Anyone remember that, the knee warmers? Ringing any bells among the belles who read my little bloggie? I had a little pair of red acrylic knee warmers, of knitted fine-guage acrylic, but still; scritchy-scratchy acrylic yarn of the day. And I had a red cummerbund that matched, but of a fine-guage material. Oh, I was so thin. But the advantage was I could wear anything. I was so thin that people felt I had an eating disorder, as I did. Eating disorders were just getting known then, in the 1970s. But I looked well in clothes and I bought the "display" clothing from fine stores in size 3, and took them up. The display clothes were sold for a song at the end of the season, as were the shoes. I had tiny feet, size 5 narrow, the usual display size.
My mind is off and running now! White sales! The White Sales -- we would wait for them and then get our linens. And the department stores had whole floors of china and stoneware and flatware, and so many pretty silver things. The peasant in me chose a Mikasa stoneware design for my first wedding: Strawberry Festival. Funny, I don't have a single piece left and I loved that pattern so much.

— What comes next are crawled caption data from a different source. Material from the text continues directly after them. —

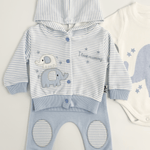 Compleu bebelusi 3 piese albastru - set hanorac, bluza si pantaloni - Botez bebelusi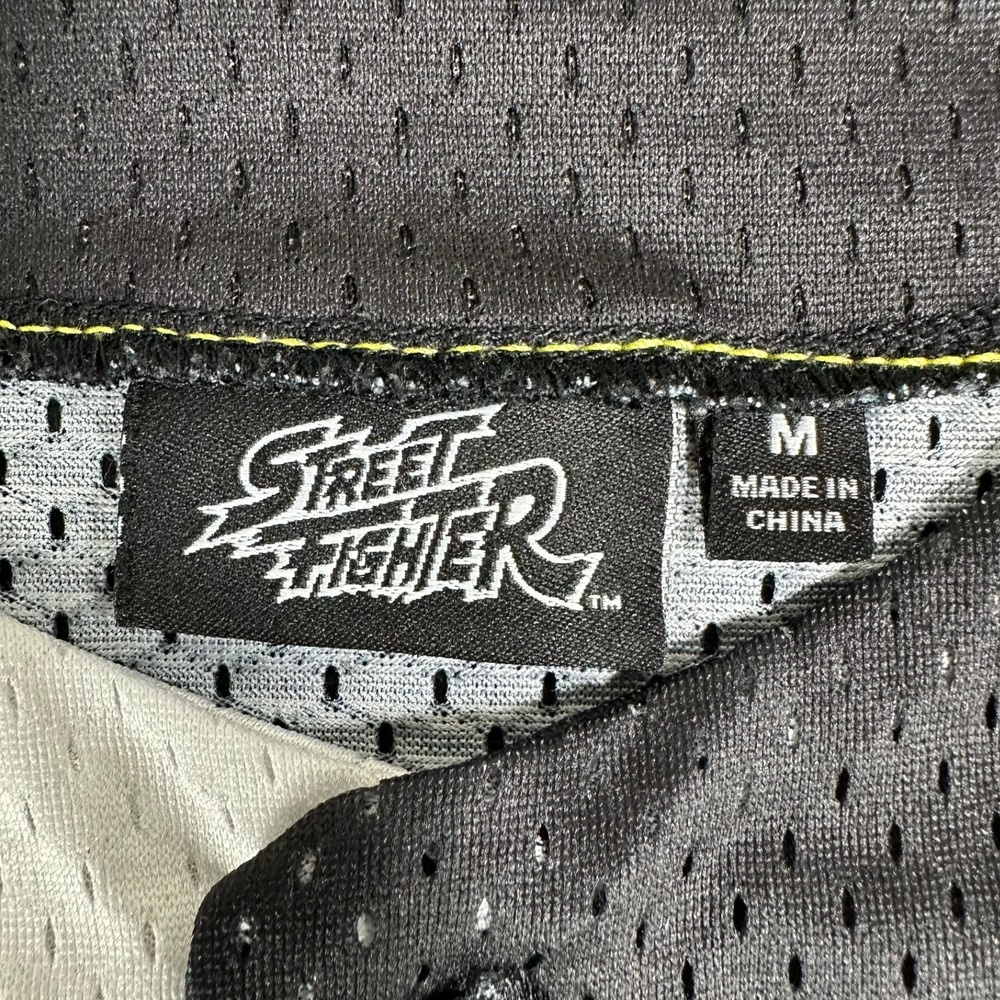 Street Fighter II Mens Baseball Jersey Black White Split Kanji Graphic Shirt M - Picture 3 of 14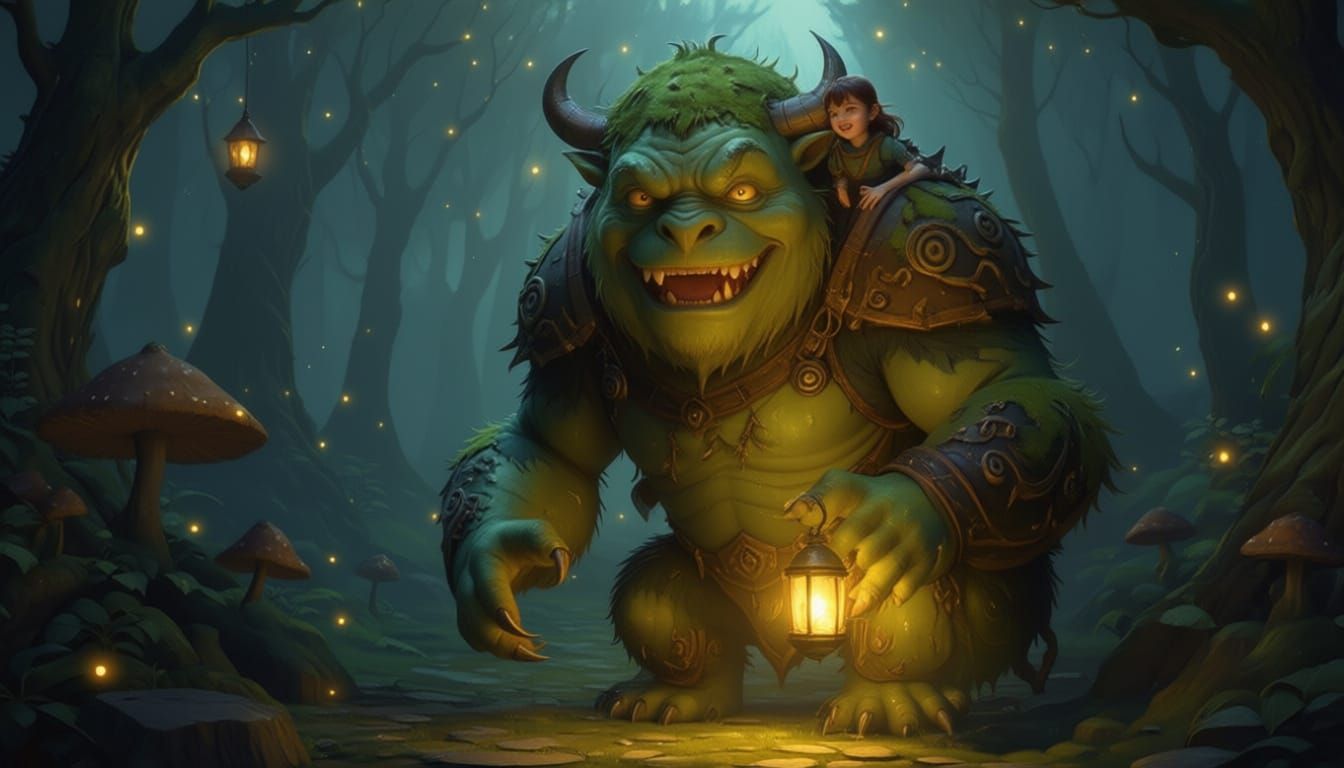 Moss Creature and Girl in Enchanted Forest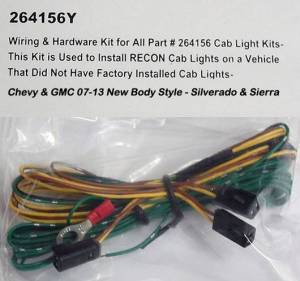 Recon Truck Accessories - 264156Y | Wiring & Hardware Kit for All Part #264156 Cab Light Kits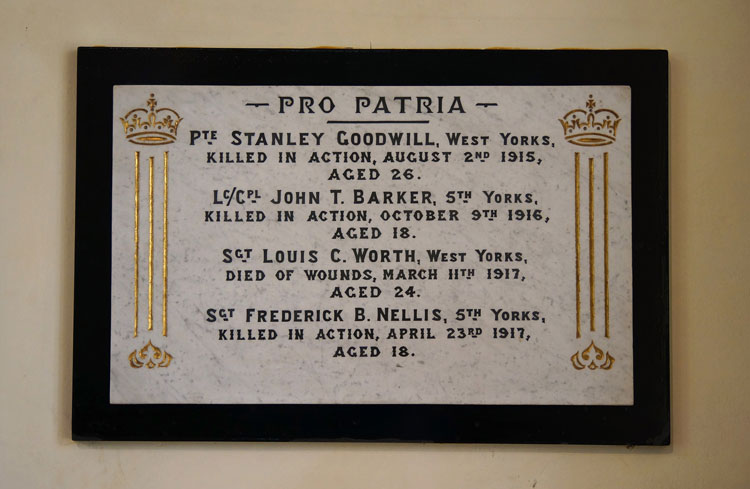 The First World War Memorial in St. Matthew's Church, Hutton Buscel.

Strawberries have always made me smile. And my flatware pattern was Oneida American Colonial. Gosh, haven't thought of that in years.
In New Orleans, we had a beloved department store, D.H. Holmes. Its colors were a light cream and dark chocolate brown. The bags, the boxes, the giftwrap, the name tags were all that color combination. I loved those stores, especially the big store on Canal Street. At the very top floor, there were hats and wigs and the offices. We would take the escalators up and up and up. It always made my heart race a little bit to step on the escalator and start rising. One of my aunts was a "window dresser" for a local department store in a smaller city. She had such style, and store windows in those days were glorious things.
If I have been slow to comment on your blog, I apologize. I have been very tired and I am also racing back and forth from work taking care of my husband, who has had some procedures done. He's pretty independent in general, but anything out of the ordinary hits him hard, making him more oppositional and not do the things he needs to do to heal and stay healthy. And yesterday I drove a teacher from school to the ER and stayed with her for hours, as I could tell with one look that she had cellulitis starting on her leg, and indeed it was so. She is deeply hypochondriac, but sometimes she does get sick for real. But it all makes for long days and I have little energy, sometimes just falling asleep with my head on the desk where the computer is.
But I did go see if I could get a cutting from a wild Queen's Wreath vine and a Silver Lace vine. [Success! And I saw a pretty old-fashioned fence it was growing up!] And then I stopped by the church to light some candles.
If you have read this far, you are probably saying, "Cough up the honeysuckle! Where is it?" This honeysuckle vine surprised me! It is growing all mixed in with the wisteria vines at church! Right now it is smothered in blossoms and I did allow myself to stand there and pull off about a dozen blossoms, pinching the end off and pulling the stamen through, carrying that tiny drop of nectar that we dab on our tongues.
Then of course, just as if I were ten again, I have to suck the open end and get the rest of the nectar out. I can think of so many "wild foods" we ate as children! Gosh, the list is just forever. Pepper plant, honeysuckle, wild onions, wild garlic, grapes, figs, plums, loquats, maypops, rabbit grass, elderberries, blackberries, huckleberries (which I disliked), digging sassafrass roots, climbing to get at pawpaws and persimmons. I know I'm forgetting a lot.
May the rest of your week be "just as you like it." See you around the blogs!